§ Try it
From the first line to the last, repeat the data exactly and drop the pictures.

§ Data extract
··········

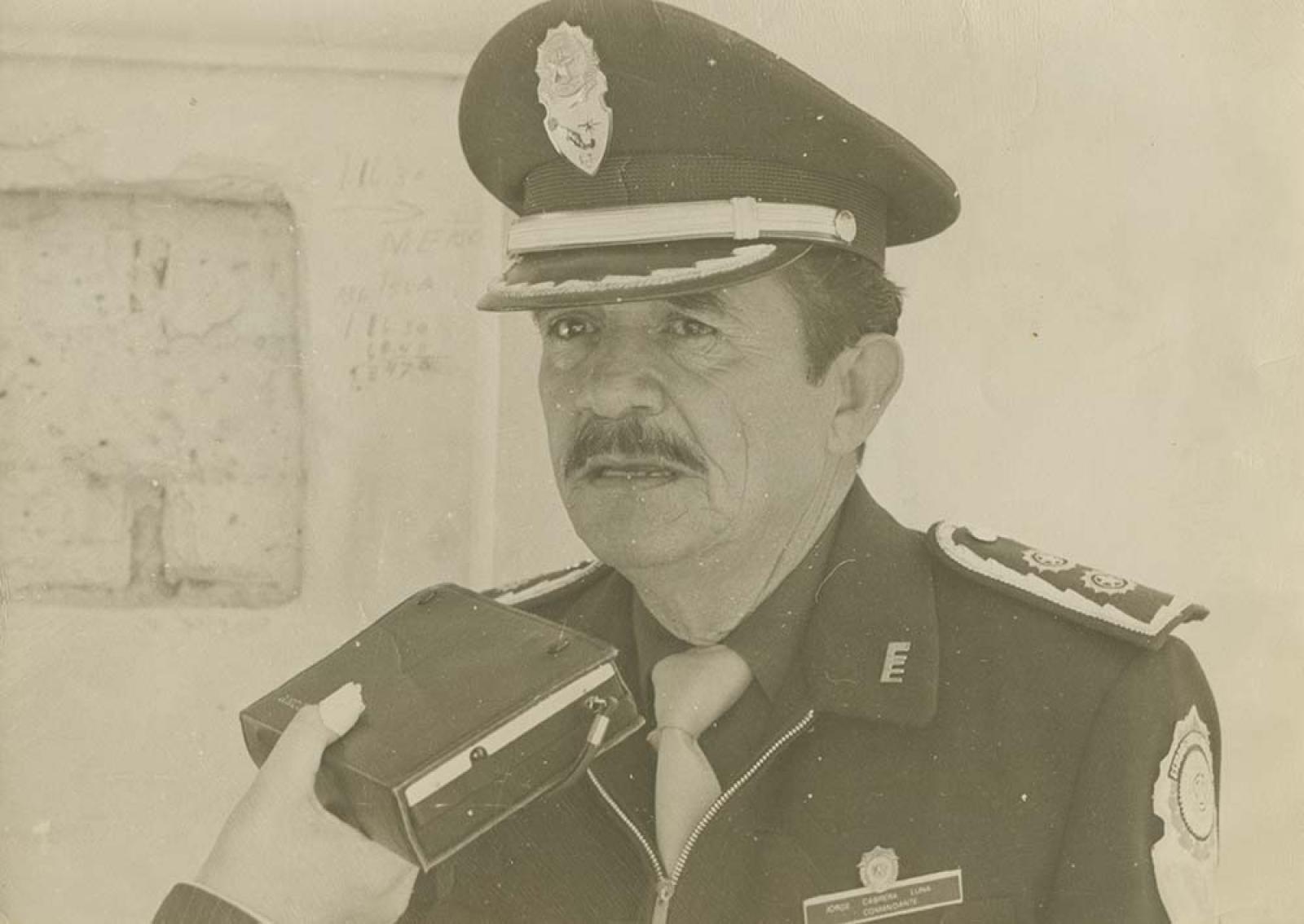 “La policía”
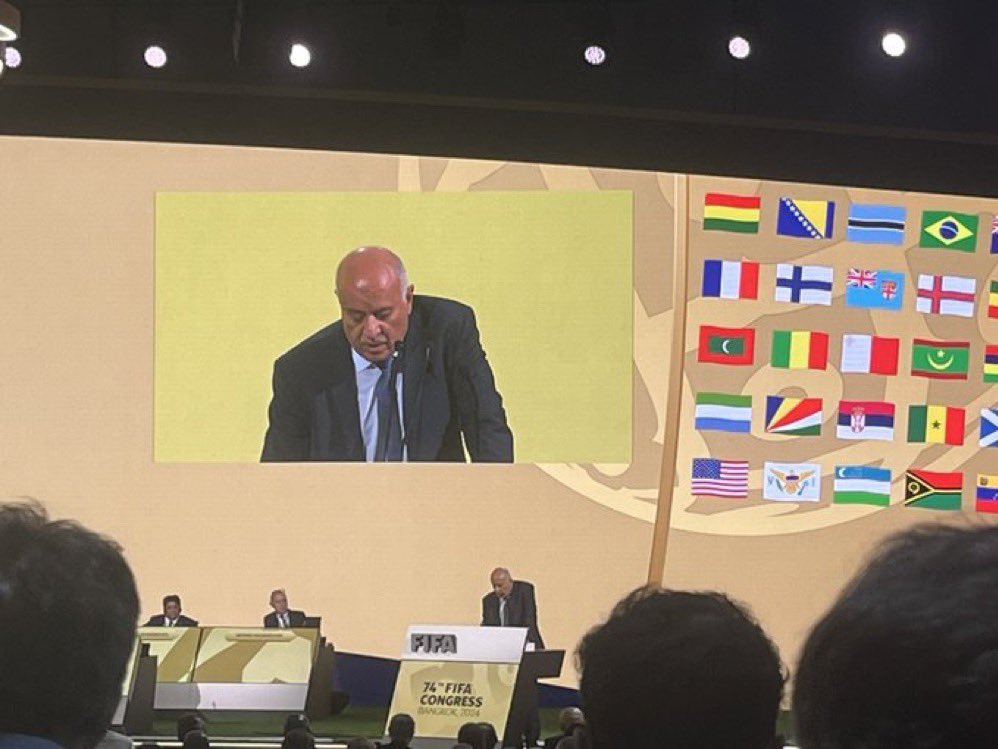 Palestinian FA president Jibril Rajoub addresses the FIFA congress, calling for the suspension or expulsion of Israel: “The Palestinian people, including the Palestinian football family, are in an unprecedented humanitarian catastrophe. We are witnessing a live televised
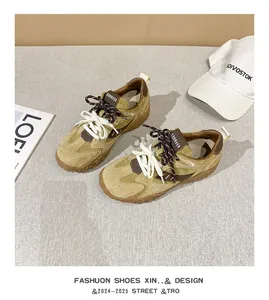Primer plano detallado de zapatillas retro de ante con panel amarillo mostaza y ribete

··········

§ Finished exercise
 “La policía”
 Palestinian FA president Jibril Rajoub addresses the FIFA congress, calling for the suspension or expulsion of Israel: “The Palestinian people, including the Palestinian football family, are in an unprecedented humanitarian catastrophe. We are witnessing a live televised
Primer plano detallado de zapatillas retro de ante con panel amarillo mostaza y ribete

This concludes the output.